David Miliband is having a strong anti-Tory campaign

Join the dots, and a distinct, coherent attack emerges from the Foreign Secretary.

David Miliband, who has his own campaign blog, which I referred to last week, had an eye-catching line in his speech at Labour HQ dismantling the Tories' "big society" rhetoric yesterday, when he said:

The words may be John F Kennedy but the policies are pure George W Bush.
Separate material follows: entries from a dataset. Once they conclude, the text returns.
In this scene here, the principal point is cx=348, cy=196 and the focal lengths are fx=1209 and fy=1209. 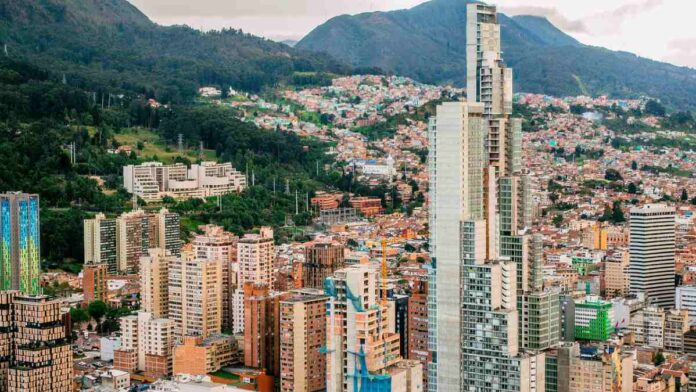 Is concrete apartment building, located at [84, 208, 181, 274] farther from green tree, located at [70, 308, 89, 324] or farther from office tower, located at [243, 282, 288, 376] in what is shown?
office tower, located at [243, 282, 288, 376]

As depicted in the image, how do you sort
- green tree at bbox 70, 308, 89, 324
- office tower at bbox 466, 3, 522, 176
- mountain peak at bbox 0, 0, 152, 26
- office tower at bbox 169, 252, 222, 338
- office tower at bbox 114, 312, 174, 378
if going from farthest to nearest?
mountain peak at bbox 0, 0, 152, 26
green tree at bbox 70, 308, 89, 324
office tower at bbox 169, 252, 222, 338
office tower at bbox 114, 312, 174, 378
office tower at bbox 466, 3, 522, 176

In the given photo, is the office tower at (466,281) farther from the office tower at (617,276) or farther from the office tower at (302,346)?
the office tower at (617,276)

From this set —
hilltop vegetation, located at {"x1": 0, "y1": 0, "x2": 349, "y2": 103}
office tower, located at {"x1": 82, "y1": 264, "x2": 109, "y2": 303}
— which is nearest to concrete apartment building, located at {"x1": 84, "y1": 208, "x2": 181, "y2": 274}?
office tower, located at {"x1": 82, "y1": 264, "x2": 109, "y2": 303}

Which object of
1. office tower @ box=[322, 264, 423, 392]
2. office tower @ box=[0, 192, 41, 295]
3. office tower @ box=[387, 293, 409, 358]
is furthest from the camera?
office tower @ box=[0, 192, 41, 295]

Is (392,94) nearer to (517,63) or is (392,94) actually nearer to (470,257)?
(517,63)

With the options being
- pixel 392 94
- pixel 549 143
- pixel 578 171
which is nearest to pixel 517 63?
pixel 392 94

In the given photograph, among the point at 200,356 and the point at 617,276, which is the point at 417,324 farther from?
the point at 617,276

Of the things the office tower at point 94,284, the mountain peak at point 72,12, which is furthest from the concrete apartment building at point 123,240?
the mountain peak at point 72,12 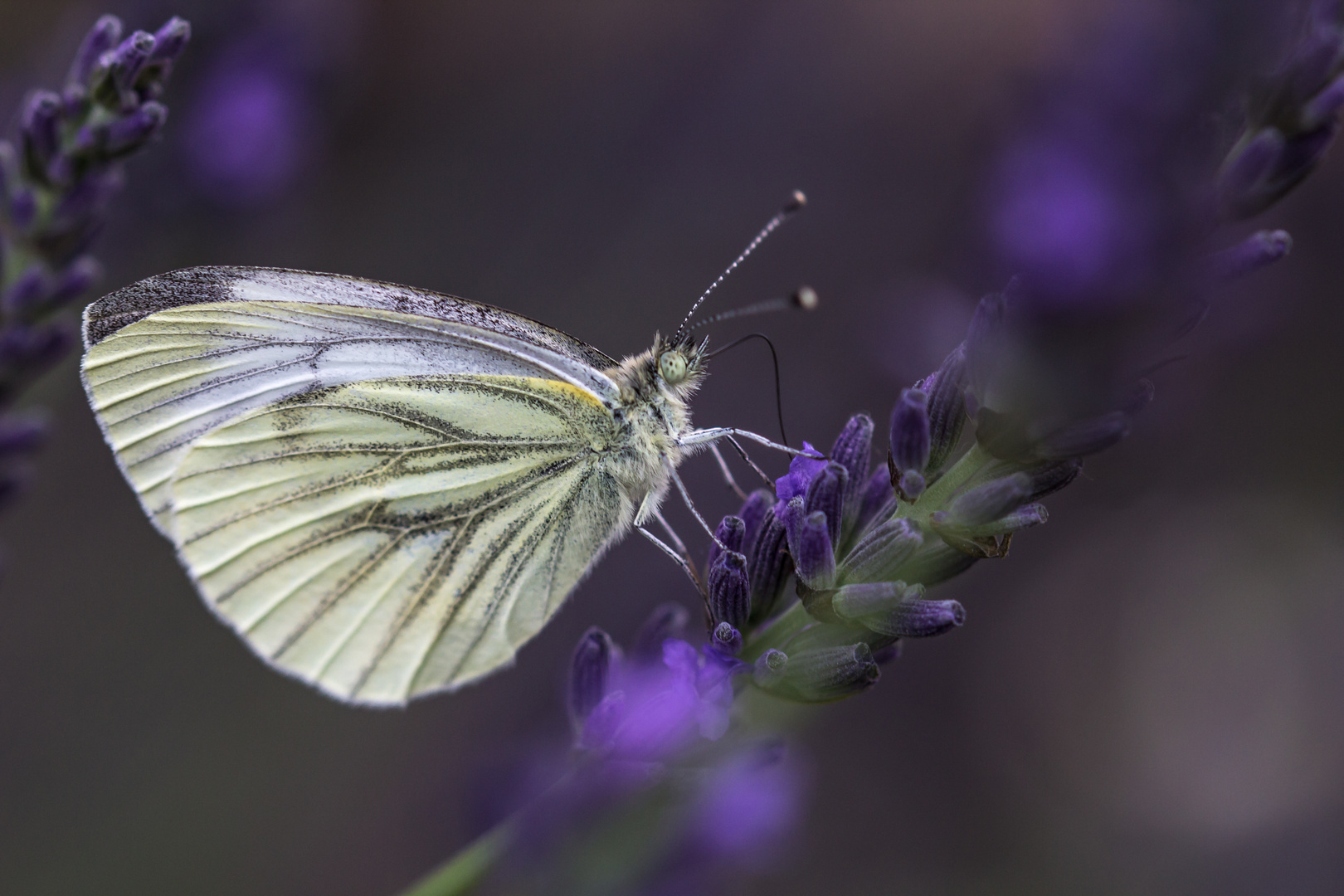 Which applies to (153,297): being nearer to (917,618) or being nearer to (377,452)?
(377,452)

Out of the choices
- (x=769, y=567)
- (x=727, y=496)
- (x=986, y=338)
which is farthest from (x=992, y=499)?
(x=727, y=496)

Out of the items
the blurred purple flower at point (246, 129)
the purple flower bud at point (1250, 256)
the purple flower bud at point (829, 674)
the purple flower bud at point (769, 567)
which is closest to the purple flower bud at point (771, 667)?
the purple flower bud at point (829, 674)

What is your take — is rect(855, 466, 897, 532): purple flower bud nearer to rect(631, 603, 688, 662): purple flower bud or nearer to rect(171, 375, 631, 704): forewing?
rect(631, 603, 688, 662): purple flower bud

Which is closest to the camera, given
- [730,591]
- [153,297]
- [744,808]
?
[730,591]

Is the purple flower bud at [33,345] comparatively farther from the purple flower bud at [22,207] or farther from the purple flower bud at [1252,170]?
the purple flower bud at [1252,170]

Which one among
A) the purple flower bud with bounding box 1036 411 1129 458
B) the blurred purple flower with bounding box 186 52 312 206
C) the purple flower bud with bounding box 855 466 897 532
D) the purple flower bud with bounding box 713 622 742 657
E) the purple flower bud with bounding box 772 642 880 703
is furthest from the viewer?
the blurred purple flower with bounding box 186 52 312 206

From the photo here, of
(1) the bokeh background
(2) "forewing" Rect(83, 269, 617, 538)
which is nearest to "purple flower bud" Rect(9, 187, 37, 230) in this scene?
(2) "forewing" Rect(83, 269, 617, 538) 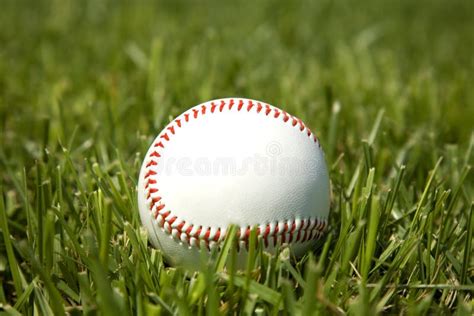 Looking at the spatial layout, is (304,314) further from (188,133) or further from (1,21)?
(1,21)

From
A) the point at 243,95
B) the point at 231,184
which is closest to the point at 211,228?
the point at 231,184

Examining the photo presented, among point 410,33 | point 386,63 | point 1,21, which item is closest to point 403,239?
point 386,63

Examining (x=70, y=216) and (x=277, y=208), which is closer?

Yet Miliband is about much more than one-liners. In fact, if you join the dots, his latest speech was part of a series of powerful attacks on the Tory party that show the Foreign Secretary has been paying close attention to his Conservative opponents over recent months.

The New Labour moderniser has apparently come firmly to the view that the Conservatives have not, in fact, put in changes equivalent to the ones that began in his own party with Neil Kinnock's 1985 expulsion of Militant and continued under Tony Blair, who symbolically abolished Clause Four.

Yesterday, Miliband rallied the Labour faithful, saying:

The Tory head and the Tory heart are at odds. The head tells them that the world has changed, that they have been rejected at three elections because they were seen as the Nasty Party. The heart tells them something different: that government is always the problem not the solution, that Europe is a threat not an opportunity, that the environment is an add-on at best and a distraction at worst.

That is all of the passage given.